Thursday, 13 September 2012

Morning note, events and data 14th September 2012

Good morning,

Wont ramble on too much about the FOMC, you've read the headlines and that tells the story. My 3 main thoughts:
1. Buying housing or Asset Backed Securities (ABS) does not increase jobs, it just reduces the burden on banks
2. The US will make an absolute fortune in 2014 - 2017 when they "job these out"
3. Get ready to short the hell out of US 10yrs in 2013/14
This whole exercise was about making nice happy numbers and headlines. The FOMC wanted to highlight that stimulus is unlimited, and it will stop at nothing to encourage growth, in this case, using near zero interest rates till mid 2015.

How did the markets react?
Europe closed before the announcement, with equity markets mixed.
CAC -1.2%, DAX -0.45%, IBEX -0.7%, UKX +0.7% all on roughly average volumes.
Sector performance saw defensives stronger and profit taking in materials and financial, not surprising after such a strong run.
Markets have rallied on the headlines and now, as reality sets in and Greece unemployment higher, fears start to creep back in. However, the market is hugely short the European region, inflows will continue as investors take a more neutral weighting. There is also more short squeeze to come, when the markets take the next leg up.

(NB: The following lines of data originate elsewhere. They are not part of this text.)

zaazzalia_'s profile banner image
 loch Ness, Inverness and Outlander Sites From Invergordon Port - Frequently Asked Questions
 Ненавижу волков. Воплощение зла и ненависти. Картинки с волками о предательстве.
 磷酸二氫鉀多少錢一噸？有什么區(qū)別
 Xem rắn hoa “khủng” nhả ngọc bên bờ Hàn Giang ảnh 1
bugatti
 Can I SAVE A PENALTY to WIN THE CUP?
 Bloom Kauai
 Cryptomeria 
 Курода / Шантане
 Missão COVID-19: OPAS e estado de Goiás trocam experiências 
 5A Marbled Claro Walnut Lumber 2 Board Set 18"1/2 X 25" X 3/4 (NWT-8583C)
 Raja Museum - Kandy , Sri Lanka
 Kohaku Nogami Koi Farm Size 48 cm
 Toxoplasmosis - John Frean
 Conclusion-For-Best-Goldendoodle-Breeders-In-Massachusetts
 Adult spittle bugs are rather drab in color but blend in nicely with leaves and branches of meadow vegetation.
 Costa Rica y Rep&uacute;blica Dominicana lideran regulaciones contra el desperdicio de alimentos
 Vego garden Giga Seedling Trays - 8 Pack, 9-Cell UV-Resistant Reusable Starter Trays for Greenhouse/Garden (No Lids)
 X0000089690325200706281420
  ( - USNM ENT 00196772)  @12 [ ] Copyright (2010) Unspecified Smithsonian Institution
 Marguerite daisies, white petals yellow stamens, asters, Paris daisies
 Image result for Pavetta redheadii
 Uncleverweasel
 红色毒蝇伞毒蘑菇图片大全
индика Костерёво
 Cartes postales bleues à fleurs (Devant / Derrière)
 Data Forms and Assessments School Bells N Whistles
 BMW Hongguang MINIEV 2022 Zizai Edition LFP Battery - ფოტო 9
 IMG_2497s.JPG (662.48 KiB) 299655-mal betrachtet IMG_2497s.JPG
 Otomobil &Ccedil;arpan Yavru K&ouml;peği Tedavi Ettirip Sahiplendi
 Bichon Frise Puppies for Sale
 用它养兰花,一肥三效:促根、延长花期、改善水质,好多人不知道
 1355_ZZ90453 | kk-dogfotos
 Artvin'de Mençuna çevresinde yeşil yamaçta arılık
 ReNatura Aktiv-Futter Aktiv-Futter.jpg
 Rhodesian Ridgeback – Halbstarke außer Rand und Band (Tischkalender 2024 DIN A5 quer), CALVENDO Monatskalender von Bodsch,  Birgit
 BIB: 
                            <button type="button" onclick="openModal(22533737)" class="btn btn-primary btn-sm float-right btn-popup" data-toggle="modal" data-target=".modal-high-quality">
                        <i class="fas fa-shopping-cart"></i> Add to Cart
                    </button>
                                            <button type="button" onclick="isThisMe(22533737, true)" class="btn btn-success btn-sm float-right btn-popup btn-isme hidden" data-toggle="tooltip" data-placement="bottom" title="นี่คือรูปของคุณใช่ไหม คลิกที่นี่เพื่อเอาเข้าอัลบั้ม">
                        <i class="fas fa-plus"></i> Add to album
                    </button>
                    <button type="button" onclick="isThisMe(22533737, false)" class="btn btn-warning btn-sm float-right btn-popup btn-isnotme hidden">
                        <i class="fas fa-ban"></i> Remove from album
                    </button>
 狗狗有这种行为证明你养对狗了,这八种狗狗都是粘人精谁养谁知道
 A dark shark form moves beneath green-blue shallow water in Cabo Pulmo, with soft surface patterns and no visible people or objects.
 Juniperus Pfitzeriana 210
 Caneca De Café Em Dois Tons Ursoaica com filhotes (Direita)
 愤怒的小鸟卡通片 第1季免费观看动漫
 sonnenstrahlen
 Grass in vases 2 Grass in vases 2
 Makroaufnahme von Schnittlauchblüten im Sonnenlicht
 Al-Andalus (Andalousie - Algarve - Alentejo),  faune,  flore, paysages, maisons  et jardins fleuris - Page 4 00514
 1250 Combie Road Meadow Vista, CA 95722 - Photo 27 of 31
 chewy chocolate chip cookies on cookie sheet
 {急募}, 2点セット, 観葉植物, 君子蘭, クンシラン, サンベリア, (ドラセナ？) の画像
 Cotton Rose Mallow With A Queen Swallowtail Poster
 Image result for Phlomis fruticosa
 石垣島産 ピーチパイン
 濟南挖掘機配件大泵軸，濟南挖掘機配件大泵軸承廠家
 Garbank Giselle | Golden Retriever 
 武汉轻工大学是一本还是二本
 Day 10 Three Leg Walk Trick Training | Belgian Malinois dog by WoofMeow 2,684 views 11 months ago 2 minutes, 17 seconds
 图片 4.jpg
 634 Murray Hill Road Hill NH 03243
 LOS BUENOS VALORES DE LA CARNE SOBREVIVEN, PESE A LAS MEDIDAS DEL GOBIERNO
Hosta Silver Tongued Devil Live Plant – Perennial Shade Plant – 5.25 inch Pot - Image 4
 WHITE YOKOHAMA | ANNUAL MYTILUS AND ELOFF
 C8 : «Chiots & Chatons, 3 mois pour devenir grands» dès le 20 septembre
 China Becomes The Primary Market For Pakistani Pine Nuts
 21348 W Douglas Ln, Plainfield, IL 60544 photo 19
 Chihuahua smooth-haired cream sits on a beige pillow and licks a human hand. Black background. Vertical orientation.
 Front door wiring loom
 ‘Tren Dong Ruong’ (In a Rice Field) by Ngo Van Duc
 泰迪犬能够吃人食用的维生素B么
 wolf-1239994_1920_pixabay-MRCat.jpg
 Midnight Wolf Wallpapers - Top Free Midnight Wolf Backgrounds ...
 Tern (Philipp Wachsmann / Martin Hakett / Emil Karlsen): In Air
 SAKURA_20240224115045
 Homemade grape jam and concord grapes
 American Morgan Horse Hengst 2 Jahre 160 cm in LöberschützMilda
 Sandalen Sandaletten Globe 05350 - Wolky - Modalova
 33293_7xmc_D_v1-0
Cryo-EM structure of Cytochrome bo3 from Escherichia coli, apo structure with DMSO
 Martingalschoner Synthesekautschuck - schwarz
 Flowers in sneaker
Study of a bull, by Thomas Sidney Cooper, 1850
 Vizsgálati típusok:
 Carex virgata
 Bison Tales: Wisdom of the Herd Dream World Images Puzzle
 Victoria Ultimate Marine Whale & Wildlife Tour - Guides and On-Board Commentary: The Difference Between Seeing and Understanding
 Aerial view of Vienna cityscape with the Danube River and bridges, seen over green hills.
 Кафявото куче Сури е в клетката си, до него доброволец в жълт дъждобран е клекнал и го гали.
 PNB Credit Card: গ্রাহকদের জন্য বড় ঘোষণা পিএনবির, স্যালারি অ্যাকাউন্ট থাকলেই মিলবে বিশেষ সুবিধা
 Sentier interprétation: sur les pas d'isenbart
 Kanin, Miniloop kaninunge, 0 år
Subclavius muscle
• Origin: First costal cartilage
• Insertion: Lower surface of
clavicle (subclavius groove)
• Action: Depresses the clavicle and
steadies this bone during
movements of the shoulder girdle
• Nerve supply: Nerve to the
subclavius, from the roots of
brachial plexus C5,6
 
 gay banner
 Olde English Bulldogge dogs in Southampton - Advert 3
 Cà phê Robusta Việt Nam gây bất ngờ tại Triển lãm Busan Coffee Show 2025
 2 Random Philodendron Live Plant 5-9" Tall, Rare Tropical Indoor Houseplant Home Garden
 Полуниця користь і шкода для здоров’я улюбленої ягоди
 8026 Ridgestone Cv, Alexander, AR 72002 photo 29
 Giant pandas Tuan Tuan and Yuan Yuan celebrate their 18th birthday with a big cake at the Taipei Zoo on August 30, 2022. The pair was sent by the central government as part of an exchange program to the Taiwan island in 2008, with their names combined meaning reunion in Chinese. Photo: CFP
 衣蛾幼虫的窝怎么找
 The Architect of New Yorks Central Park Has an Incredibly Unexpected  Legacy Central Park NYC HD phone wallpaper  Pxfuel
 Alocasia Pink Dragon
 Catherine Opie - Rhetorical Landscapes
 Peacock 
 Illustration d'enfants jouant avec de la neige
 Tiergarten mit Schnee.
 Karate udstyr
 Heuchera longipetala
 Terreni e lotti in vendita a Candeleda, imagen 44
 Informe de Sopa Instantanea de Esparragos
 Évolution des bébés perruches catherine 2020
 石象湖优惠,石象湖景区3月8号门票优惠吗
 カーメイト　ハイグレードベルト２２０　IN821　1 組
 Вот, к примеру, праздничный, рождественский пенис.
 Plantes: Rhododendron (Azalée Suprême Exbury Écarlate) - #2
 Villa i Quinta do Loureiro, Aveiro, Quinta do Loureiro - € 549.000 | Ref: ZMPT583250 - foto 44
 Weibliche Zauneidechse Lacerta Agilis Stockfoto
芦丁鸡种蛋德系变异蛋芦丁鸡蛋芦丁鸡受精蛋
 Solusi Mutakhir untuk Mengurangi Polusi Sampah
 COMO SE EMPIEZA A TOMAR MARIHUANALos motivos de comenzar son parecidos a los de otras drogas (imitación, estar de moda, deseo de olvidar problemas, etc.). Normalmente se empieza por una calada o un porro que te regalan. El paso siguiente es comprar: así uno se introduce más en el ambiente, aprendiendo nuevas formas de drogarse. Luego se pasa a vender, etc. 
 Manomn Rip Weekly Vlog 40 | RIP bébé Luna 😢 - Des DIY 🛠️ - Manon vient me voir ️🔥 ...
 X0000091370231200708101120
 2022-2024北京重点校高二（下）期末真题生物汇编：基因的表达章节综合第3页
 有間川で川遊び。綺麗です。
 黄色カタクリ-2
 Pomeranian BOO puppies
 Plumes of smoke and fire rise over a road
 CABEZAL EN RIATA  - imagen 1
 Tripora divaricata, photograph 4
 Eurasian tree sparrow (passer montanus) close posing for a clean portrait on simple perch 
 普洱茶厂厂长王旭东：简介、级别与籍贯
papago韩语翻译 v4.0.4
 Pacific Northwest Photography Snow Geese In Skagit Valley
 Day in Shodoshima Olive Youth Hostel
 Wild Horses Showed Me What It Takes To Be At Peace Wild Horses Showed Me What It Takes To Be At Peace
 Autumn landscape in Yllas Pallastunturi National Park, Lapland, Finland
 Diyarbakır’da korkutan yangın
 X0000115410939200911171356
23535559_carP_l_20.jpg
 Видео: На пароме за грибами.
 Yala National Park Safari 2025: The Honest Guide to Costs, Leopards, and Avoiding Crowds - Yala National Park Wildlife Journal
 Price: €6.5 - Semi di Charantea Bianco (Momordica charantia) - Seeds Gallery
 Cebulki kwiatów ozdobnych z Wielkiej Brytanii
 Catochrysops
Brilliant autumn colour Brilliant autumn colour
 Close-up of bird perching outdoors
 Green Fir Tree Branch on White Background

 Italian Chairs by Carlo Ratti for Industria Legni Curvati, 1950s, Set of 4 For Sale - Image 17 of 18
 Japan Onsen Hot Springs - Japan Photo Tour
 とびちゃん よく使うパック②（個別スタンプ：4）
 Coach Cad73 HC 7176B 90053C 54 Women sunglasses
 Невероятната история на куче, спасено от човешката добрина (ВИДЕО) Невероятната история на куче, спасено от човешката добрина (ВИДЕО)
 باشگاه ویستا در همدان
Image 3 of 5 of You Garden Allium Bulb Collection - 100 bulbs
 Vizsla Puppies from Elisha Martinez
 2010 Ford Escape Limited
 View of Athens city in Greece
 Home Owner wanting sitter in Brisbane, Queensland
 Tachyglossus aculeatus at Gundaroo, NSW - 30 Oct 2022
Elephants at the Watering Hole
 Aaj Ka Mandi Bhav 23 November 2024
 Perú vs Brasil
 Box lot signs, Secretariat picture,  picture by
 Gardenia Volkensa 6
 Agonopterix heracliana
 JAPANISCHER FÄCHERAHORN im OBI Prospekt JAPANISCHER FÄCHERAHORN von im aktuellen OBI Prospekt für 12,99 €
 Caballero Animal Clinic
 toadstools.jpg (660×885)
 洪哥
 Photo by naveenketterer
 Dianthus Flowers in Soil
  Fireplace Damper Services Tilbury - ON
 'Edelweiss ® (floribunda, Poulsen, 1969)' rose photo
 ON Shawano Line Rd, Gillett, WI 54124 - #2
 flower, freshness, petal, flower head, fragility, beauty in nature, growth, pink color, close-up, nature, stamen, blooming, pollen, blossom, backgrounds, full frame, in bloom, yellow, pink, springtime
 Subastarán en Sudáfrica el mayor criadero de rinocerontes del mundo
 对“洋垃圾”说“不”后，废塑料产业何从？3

Technicals out early next week will show this.
Greece unemployment came in at 23.6% vs last quarter 22.6%
US markets rallied aggressively on the FOMC meeting, with the S+P up 1.6% and market volumes up 20-70% across all indices. The weaker jobs data, with initial claims of 382k vs expected 370k was explained by the recent tropical storm - I think is just another excuse used to justify a weaker number.
Sector performance highlights aggressive inflows to growth names, out of defensive.
Outerperformers: Basic materials, financials and oil & gas
Underperformers: Health, industrials and telecoms
The NASDAQ also underperformed the S+P and industrials for the first time in quite a while.
Expect further inflows to growth. The market has rather large positions weighted in government debt and defensive equities. Outflows will now be looking at improving growth and corporate credit/high yield.

Markets today:
Going gang busters for the laggeds. With the US$ weakening, physical metal prices have stabilised, some have even started to rebound. This looks like it has more to go but please note, inventories are huge and we have yet to see a pick up in demand... this will run out of steam. Oil, now 98.75 WTI, finally seeing inflows, which although the US$ had moved, up until last night, oil hadnt reacted and was trading around the $95 level. This has more to go and is an alternative hedge to gold, with the kicker of improving growth.

Trading.
I am looking for a pull back in the defensives. This throws up huge opportunities to pick up quality assets, on improving yields. It might take a month to get to these levels, but they are now being watched closely.
Basic materials are all at breakout levels, which I will highlight in next weeks technicals. They still have room to run, but I would not be paying up just yet, we will see fast money outflows next week as the hype dies down and everyone goes back to looking at the data.
We could see China over the weekend, following in the footsteps of the US giving the markets a "triple macro boost". Some plans have already been realised but am watching for support on the industrial side. We already have infrastructure in road and rail projects.

Events:
SEC meeting on price stability, G27 finance ministers meeting and announcement of Greek stimulus measures.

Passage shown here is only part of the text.